On Saturday 27th July 1935, Mrs Johnstone of 25 Station Road, Blantyre, received a letter that brought some very unwelcome and tragic news. The postman delivered an international intimation that her son-in-law, Mr John Collison Martin, had been killed in an accident when at work as a miner in the Reserve Mines at Cape Breton, Nova Scotia, Canada. Reserve Mines is known for coal mining from 1860 to mid-1950. Taken in the same decade of this accident, is this rare photo of the Reserve Mines.

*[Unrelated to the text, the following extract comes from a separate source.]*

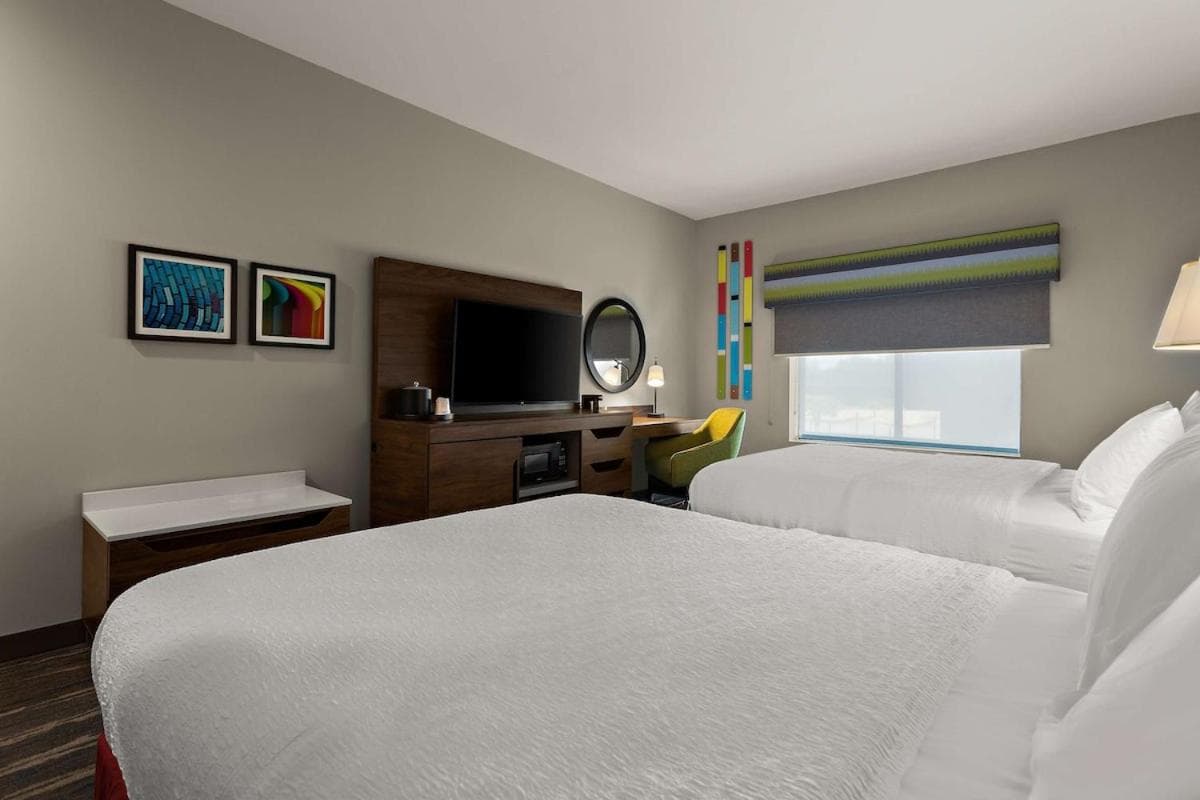 Hampton Inn & Suites Ruskin I-75, FL gallery photo in Ruskin, FL — image 14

John Martin left a widow and three of a family. Mr Martin went out to Canada during the late 1920’s under the Government Aid Scheme for Miners, and out of the large number who left from the Blantyre and Burnbank districts, with the exception of another, he was the only man who did not come back to this this local area. This entry was interesting to me. There was indeed quite an exodus from Blantyre in the late 1920’s out across the Atlantic to America and Canada and I know of several families today who reside in North America as a result of this Blantyre migration.
The Nova Scotia Mine Archives were kind enough to help me with some more information , informing me that John had died a full month before his family in Scotland were notified (perhaps a reflection of the distance). He did in Dominion Mine 10, on 26th June 1935.
In this specific case, Mr Martin was a highly-respected man in Burnbank, where three brothers and a sister still resided at the time of his death. As well as his wife’s family in Station Road, he had two other brothers in Canada.
On social media:
Margaret Nimmo Lehmann My Great Grandfather Charles Muircroft went to Ohio, US in 1900 with two of his sons (my Grampa Andrew being one of them), 4 days after Charles arrived there he was killed in a mine accident, I have a copy of the Shipping Record of their trip over and just a couple of years ago I tracked down his gravestone in the USA and have a photo of it.
Paul – could my Grandpa Tom Dolan have come to New York under the 1920’s Government Aid Scheme For Miners? Would the government have paid the ship passage for him and his son Charles? I noticed this aid plan in your ‘Canadian Mine Disaster’ article?